What are we talking about? Who’s ‘we’ anyway?

However, as it is in the nature of Middle England to control, to conquer, to absorb and to grow, the conquered territories become part of it: Middle England itself is the engine of it’s own transformation. Its natural (naturalised) population includes diverse groups of people who find their own compass needles wavering, stubbornly and unexpectedly, hinting at another North. They have another centre, and the certainty of it’s parallel authority, at the same time as they exist as a product of Middle England. They exemplify - they embody - the concept of double consciousness, that state of being an insider and an outsider at the same time. There is no question of their right to be here - they are part of the process through which Middle England becomes itself. If Middle England wants to understand its global, relational, present self, rooted in the consequences of history, then it must understand how these people, these diverse groups, are part of itself.

Cultural diversity
Phrases that describe the condition of living among, being influenced by, to a greater or lesser extent, all manner of cultural influences of different origin, slip in and out of favour, by a slow process of semantic and social change.

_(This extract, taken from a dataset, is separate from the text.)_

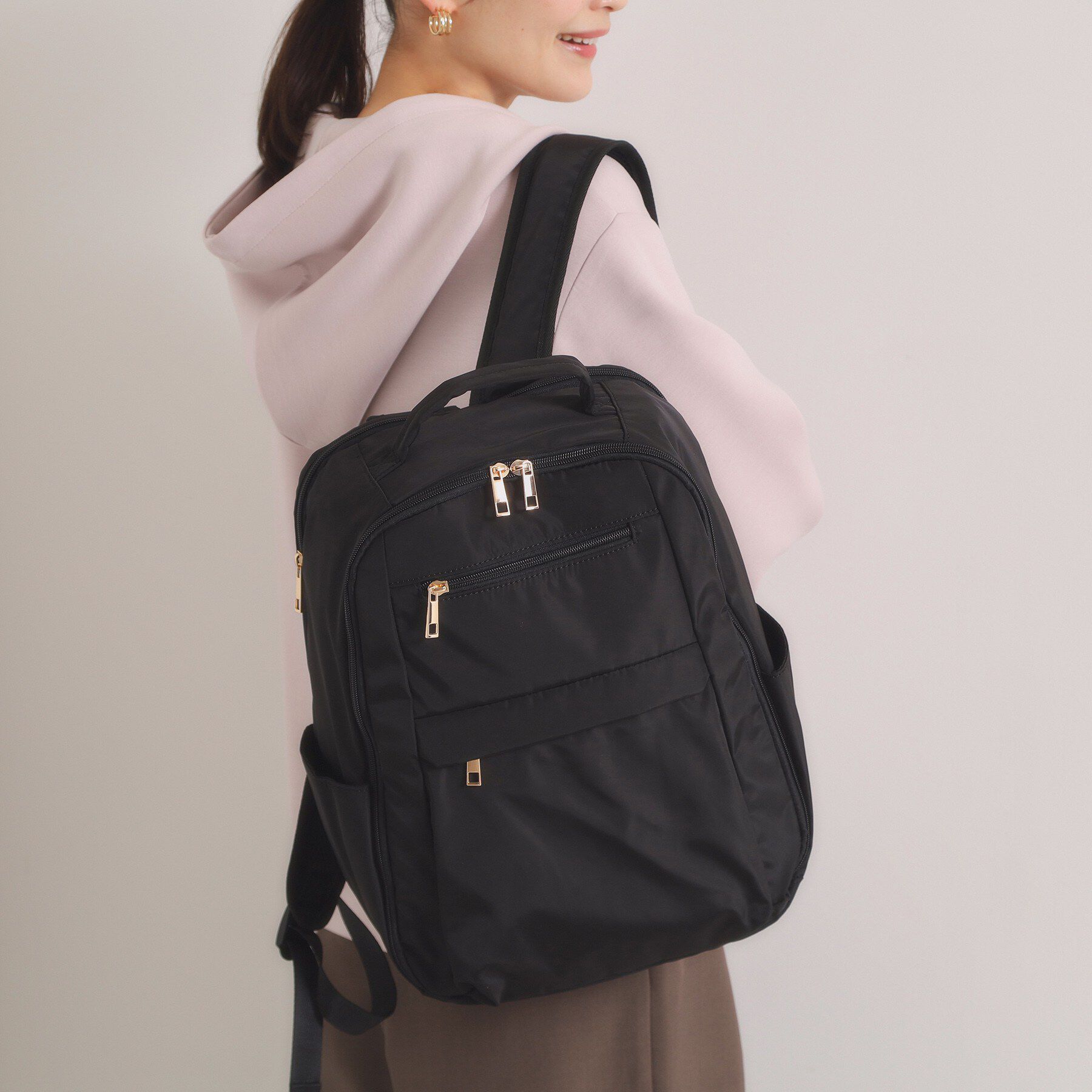 ITS&rsquo;DEMO「【12ポケット】ガバッとリュック」|リュック|ブラック(019)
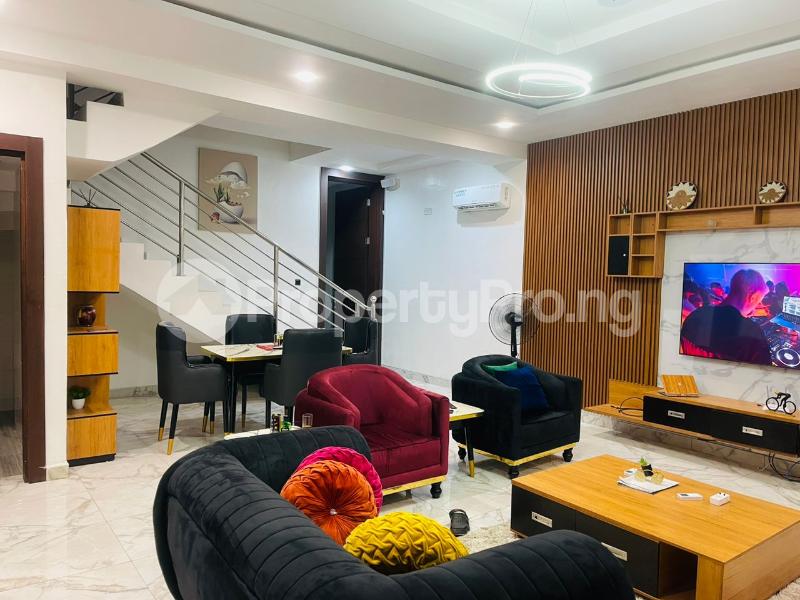 4 bedroom House for shortlet Adeniyi Jones Ikeja Lagos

Current now, ‘cultural diversity’ is still an arguable term, as anyone who has tried to debate its meaning, or the pragmatic application of strategies informed by its supposed meaning, will know. Francois Matarasso has a productive definition; by productive I mean it could be fruitful in producing new ways of doing things. To him, at least as I understand it, cultural diversity is inherent to the city as a site of meeting and exchange, and through the city, to the wider nation at large.